9. Clean Energy Technologies to Minimize Carbon Release from Power Plants
(Faculty Advisor: Dr. Chongwei Xiao, Assistant Professor in Chemical & Natural Gas Engineering)

i. Motivation: Greenhouse gas over 14.4 Gt carbon dioxide (CO2) per year is generated from coal-fired power plants worldwide. Clean Power Plan issued by EPA in 2015 requires to minimize carbon pollution from power plants. Traditional amine-based process is the only commercial process for CO2, which is associated with severe energy consumption and environmental pollution. Carbonate-based system has gained interest in CO2 absorption process due to low energy consumption and environmental impact. However, this process in conventional reactors is prevented due to low inter-phase mass transfer of CO2. Along with development of manufacturing, the new process in micro-reactors provides a potentially new solution to overcome mass transfer limitation by process intensification and increase the efficiency of CO2 capture in an eco-friendly way.

ii. Project Description: This project focuses on a new clean energy technology-micro-reactor process to absorb CO2 with Trona solution. The work will experimentally test CO2 absorption by tronal solution in microreactors. The effects of trona concentration, gas/liquid flow velocity, and inlet configuration on the flow regimes and kinetic and hydrodynamic parameters of CO2 absorption with Trona in a microreactor will be studied. The research activities are: (1) set up the experimental apparatus; (2) record the flow regimes by a high-resolution camera and generate a flow regime map; (3) collect pressure data by an automatic data acquisition system and determine the pressure drop; (4) measure the pH value by a pH meter; (5) determine the effluent concentration; (6) Determine the mass transfer coefficient in the micro-reactor at varied gas/liquid velocity.

iii. Undergraduate Research Opportunities: The undergraduate students will conduct the proposed research activities with a graduate student. The undergraduate researcher will (1) be aware of the procedure of typical research; (2) get hands-on experiences on experimental apparatus setup, ISCO pump operation, and automatic data acquisition system; (3) apply the theoretic knowledge to determine the critical kinetic and hydrodynamic parameters.

10. Eco-friendly Hydraulic Fracturing by an Energetic Frac Fluid for Unconventional Reservoir Development
(Faculty Advisor: Dr. Chongwei Xiao, Assistant Professor in Chemical and Natural Gas Engineering)

i. Motivation: Conventional frac fluids, water-based or oil-based, are associated with problems of high-volume of water, formation damage, fluid loss, etc. Dense carbon dioxide (CO2) foam stabilized by nanoparticles has been recently studied as a novel waterless frac fluid, which leading to a rapid clean-up in fractures and wellbores, minimizes fluid loss and environmental issues, and expected to provide a higher productivity. Proppant transport by foamed fluid is critical for the fracture propagation and ultimate oil/gas recovery.

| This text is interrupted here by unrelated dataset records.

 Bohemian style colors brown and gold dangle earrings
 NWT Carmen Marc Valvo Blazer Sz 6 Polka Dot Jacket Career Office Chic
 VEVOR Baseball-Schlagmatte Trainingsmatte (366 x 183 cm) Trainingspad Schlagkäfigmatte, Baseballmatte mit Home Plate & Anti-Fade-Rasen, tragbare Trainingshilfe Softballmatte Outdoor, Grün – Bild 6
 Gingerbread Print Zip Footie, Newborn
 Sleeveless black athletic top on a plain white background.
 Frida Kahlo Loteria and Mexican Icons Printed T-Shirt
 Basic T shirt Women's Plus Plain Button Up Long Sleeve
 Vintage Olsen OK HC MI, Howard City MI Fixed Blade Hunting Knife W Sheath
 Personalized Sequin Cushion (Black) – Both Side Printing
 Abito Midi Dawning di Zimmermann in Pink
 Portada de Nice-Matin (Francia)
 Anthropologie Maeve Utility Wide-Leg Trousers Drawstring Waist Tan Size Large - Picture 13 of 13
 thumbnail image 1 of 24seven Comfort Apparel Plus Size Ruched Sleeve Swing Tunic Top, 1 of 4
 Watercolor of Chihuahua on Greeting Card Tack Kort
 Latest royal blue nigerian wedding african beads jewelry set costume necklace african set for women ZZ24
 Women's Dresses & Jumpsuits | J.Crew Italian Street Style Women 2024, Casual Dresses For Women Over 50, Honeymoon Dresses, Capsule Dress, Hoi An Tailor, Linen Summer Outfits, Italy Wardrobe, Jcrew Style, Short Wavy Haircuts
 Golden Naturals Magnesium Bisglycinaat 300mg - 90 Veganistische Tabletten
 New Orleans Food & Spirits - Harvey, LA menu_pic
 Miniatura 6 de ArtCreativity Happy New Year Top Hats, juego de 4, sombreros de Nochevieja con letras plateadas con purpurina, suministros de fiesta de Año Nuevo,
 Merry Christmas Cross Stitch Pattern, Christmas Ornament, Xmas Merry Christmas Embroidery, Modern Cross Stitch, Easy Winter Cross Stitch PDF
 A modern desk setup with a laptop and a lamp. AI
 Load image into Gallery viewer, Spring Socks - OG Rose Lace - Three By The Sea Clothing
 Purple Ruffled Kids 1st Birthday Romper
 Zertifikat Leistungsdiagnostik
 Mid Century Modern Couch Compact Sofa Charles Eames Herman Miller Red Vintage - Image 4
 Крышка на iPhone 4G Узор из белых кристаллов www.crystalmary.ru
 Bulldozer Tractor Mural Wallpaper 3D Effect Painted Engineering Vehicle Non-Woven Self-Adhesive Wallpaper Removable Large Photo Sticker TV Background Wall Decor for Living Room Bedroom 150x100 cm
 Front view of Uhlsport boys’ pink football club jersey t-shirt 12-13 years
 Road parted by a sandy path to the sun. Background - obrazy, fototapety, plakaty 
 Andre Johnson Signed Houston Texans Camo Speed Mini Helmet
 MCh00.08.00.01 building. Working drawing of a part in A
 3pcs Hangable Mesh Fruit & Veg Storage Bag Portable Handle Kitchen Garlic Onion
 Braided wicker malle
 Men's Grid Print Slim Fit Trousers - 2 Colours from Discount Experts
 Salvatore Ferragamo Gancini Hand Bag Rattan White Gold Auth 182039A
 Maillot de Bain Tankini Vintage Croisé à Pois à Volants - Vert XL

However, an in-depth understanding of proppant transport by foamed fluid under reservoir conditions is yet lacking.

ii. Project Description: This study will investigate the fundamentals of proppant transport by high-quality CO2 foams stabilized by nanoparticles. Both flow-loop experiments and numerical simulation will be implemented to understand the mechanisms of the process. The research activities are: (1) set up the experimental apparatus; (2) visualize foam generation and proppant transport by foams under reservoir conditions by a high-resolution camera; (3) determine the foam properties (density) at reservoir conditions from online databases; (4) collect pressure and temperature data by an automatic data acquisition system; (5) determine the pressure drop and proppant settling by numerical methods.

iii. Undergraduate Research Opportunities: The undergraduate students will conduct the proposed research activities with a graduate student. The undergraduate researcher will (1) obtain the knowledge of advanced frac fluid for unconventional reservoir development; (2) get hands-on experiences on setting up high-pressure flow system with Swagelok fittings/tubes, ISCO pump, and pressure control devices; (3) learn to collect data by an automatic data acquisition system; (4) apply theoretic models to characterize rheological behaviors.